PROBLEM DESCRIPTION
From the listing below, output only the lines starting at the line that has "Vintage leather phone" and ending at the line that has "2 Carleton Drive", exactly as they appear, ends included.

BEGIN DATASET

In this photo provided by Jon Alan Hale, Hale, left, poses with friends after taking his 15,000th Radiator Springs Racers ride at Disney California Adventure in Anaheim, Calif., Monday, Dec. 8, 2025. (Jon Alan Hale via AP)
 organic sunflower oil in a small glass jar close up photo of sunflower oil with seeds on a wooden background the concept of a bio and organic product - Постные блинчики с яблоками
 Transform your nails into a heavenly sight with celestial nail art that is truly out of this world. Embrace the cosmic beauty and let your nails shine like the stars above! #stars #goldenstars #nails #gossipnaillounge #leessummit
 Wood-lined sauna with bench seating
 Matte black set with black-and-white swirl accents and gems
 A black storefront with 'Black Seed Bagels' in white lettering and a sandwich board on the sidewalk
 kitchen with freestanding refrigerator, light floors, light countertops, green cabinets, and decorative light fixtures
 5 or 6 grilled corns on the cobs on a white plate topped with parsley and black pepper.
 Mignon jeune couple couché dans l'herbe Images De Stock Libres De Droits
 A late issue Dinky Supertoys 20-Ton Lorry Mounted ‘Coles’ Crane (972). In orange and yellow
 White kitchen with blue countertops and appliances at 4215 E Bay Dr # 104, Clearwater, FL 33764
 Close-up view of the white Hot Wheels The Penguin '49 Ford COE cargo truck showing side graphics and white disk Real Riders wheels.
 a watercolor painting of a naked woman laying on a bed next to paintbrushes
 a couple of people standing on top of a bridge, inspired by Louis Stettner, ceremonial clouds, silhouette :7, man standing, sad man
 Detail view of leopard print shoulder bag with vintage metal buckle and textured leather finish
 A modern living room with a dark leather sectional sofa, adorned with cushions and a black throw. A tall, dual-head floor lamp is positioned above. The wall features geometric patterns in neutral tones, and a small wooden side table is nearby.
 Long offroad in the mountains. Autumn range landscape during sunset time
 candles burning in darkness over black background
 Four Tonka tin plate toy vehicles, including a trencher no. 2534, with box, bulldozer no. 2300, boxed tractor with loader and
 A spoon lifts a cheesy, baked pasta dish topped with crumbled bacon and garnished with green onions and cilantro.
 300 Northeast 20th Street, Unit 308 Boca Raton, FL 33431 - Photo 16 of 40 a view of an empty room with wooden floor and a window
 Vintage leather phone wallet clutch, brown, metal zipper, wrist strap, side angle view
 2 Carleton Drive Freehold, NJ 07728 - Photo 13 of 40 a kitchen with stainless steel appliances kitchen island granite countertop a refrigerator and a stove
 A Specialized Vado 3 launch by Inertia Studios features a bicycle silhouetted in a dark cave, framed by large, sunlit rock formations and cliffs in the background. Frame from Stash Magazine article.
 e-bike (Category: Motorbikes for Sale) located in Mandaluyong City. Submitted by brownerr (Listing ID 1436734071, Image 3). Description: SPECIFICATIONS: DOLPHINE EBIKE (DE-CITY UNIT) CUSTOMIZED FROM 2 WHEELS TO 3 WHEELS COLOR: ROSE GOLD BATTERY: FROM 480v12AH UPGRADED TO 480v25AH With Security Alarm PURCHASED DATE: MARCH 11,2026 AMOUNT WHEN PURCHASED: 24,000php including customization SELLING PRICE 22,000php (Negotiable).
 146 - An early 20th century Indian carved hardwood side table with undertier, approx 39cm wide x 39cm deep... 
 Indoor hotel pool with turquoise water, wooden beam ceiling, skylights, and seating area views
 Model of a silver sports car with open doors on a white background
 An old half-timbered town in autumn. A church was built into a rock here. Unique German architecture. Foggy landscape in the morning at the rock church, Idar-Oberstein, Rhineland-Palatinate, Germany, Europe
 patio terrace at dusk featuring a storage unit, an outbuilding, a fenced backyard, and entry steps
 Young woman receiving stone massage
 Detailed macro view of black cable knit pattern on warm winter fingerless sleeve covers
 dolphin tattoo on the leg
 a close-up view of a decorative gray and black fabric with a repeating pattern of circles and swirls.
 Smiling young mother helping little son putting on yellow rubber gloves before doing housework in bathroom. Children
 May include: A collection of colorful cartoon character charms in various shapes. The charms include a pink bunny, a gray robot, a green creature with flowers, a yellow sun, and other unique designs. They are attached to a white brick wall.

END DATASET

RESPONSE FOR THIS EXERCISE
 Vintage leather phone wallet clutch, brown, metal zipper, wrist strap, side angle view
 2 Carleton Drive Freehold, NJ 07728 - Photo 13 of 40 a kitchen with stainless steel appliances kitchen island granite countertop a refrigerator and a stove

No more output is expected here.